Une édition électronique réalisée à partir de l'article de Paul Charest, La militarisation des territoires montagnais.” Un article publié dans la revue Anthropologie et sociétés, vol. 10, no 1, 1986, pp. 255-260. Québec : département d’anthropologie, Université Laval. [Jeudi, le 6 décembre 2007, l'auteur accordait aux Classiques des sciences sociales sa permission de diffuser tous ses travaux et publications.]

Paul CHAREST

Anthropologue, professeur émérite, département d’anthropologie,
Université Laval.

La militarisation des territoires montagnais.

Un article publié dans la revue Anthropologie et sociétés, vol. 10, no 1, 1986, pp. 255-260. Québec : département d’anthropologie, Université Laval.

Introduction
Les exercices de vols à basse altitude à partir de Goose Bay

Les effets des vols à basse altitude sur les communautés montagnaises

Les actions en cours

Bibliographie

Figure 1.  Zones d'exercices militaires et communautés montagnaises affectées

[255]

Introduction

Depuis plusieurs années, mais tout particulièrement depuis 1979, des avions militaires basés à Goose Bay au Labrador effectuent chaque année pendant six mois (du 1er avril à la fin d'octobre) des exercices de vois à basse altitude au-dessus des territoires montagnais.
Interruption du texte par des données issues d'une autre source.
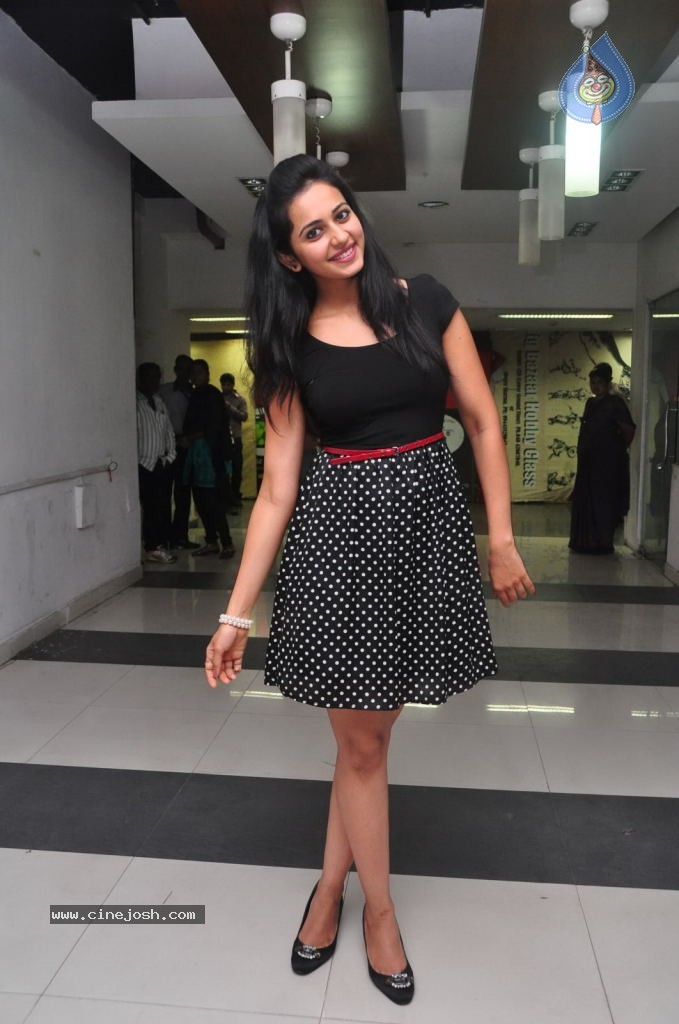 Rakul Preet Singh New Photos - 57 / 80 photos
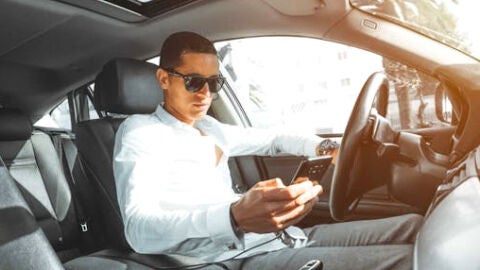 Conducir en verano, atenci&oacute;n al volante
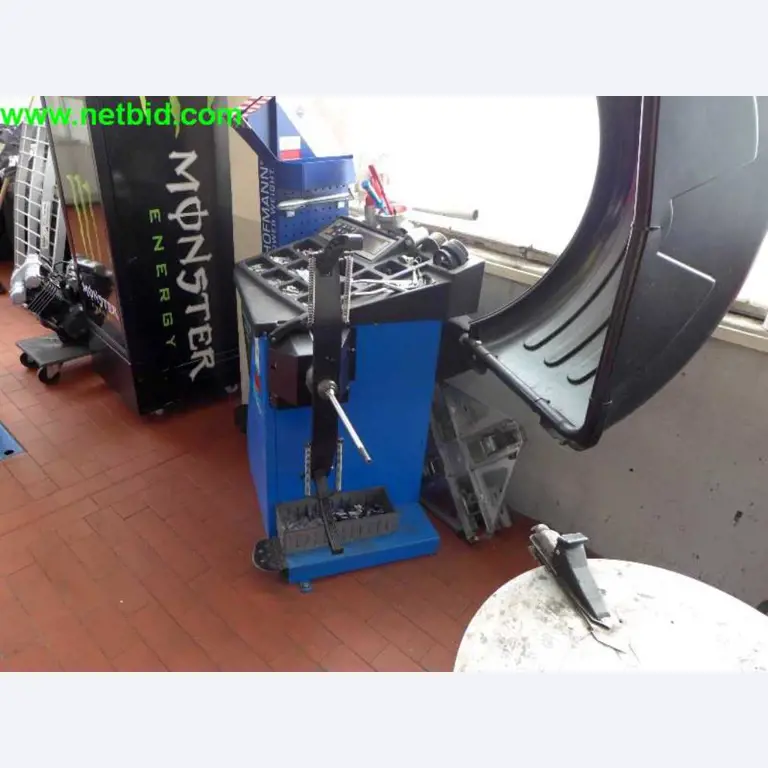 motorcycle trader, workshop<br>  -2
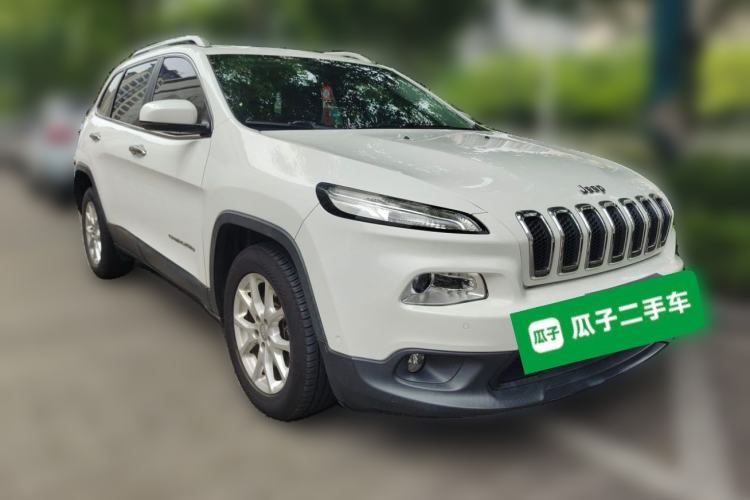 Used Jeep Cherokee 2016 2.0L Smart Version Front Right 45 Deg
Ces manoeuvres militaires ont des répercussions considérables sur les activités traditionnelles de chasse, pêche et piégage des Indiens Montagnais et en conséquence sur leur culture tout entière. Comme ces faits sont inconnus de la très grande majorité des anthropologues du Québec et d'ailleurs, je profite de la tribune qui m'est offerte par la revue pour exposer brièvement la nature de ces manoeuvres et leurs effets sur les communautés montagnaises du Québec et du Labrador [1].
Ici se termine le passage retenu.